このバスは30分ほど走ると何故か全員前のバスに移動させられる。少し前にはフェリーで渡っていたポッタ川(ガンガー)にも,ハーディング鉄道橋の少し下流に新しい橋がかかっていた。バスは速度を緩めることなく通過したため,鉄橋の写真は撮ることができなかった。
Hotel Padma(ポッダ)
こうして4台のバスを乗り継いでクスティアに到着した。宿は「Hotel Padma」にする。この綴りでポッダと発音するらしい。部屋(100タカ)は6畳,1ベッド,蚊帳,T/S付きで清潔である。
乾期のゴライ川
遅い昼食をとって,町の北側を流れるゴライ川に向かう。川幅は500mほどもあるのにほどんど水は無い。対岸に向かう踏み固められた道がある。雨期には渡し舟が必要な川なのに,今は北の土手の近くに細い流れがが残っているだけだ。そこには竹を組み合わせた仮橋がかかっている。この橋にはちゃんと料金所があり行きと帰りに1タカを徴収される。
日曜日のせいか川は大勢の人々でにぎわっていた。わずかに残った水辺に人々は集まる。飛び地のよう
沐浴・洗濯・水遊びの風景
に残された水たまりには,小さなカエルが泳いでいる。そこは小さな子どもたちのかっこうの遊び場所だ。

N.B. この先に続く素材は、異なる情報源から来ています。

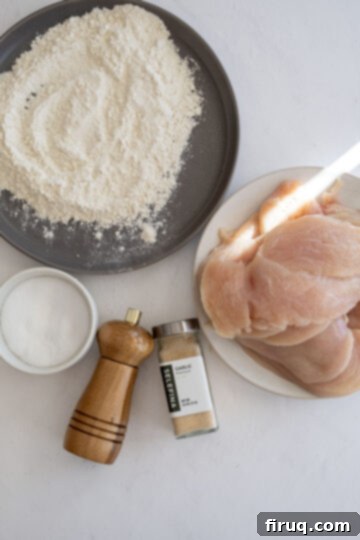 Zesty Lemon Butter Chicken 3 thinly sliced chicken and flour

メインの水場には洗濯をする人,沐浴する人が集まっている。生活用水を汲んでいく女性もいる。女の子の集団にせがまれてたくさん写真を撮る。おかげでなかなかいい昼下がりの時間を過ごせた。
ラロン聖者廟にて
遠くからかすかに音楽が聞こえてくる。もしやと思いラロン廟に向かう。ラロン(1774-1890)はベンガルを代表する宗教詩人である。彼のような宗教詩人は「バウル」と呼ばれている。
バウルはベンガルの古い民間信仰で一切の経典をもたず,祈りと修行の手段として歌をもつとされている。この歌う修行者をバウルという。バウルはインドの二大宗教であるヒンドゥーにもイスラムにも属さず,独自の宗教観をもっている。
彼らはシンプルな1弦琴のエクターラ(ektara)とドゥブキ(dubki)と呼ばれる太鼓をもって,村から村へと放浪し,バウル・ソング歌うことで生計を立てている。独自の宗教観をもつ吟遊詩人といえるかもしれない。
バウルはUNESCOの「人類の口承及び無形遺産の傑作」の第3回宣言(2005年)に掲載された。ユネスコはすでに有形の文化遺産として「世界文化遺産」を制定している。しかし,芸能,伝承,社会的慣習,儀式,祭礼,伝統工芸・技術,文化空間などの無形文化遺産を守るため,2003年に「無形文化遺産保護条約」を採択した。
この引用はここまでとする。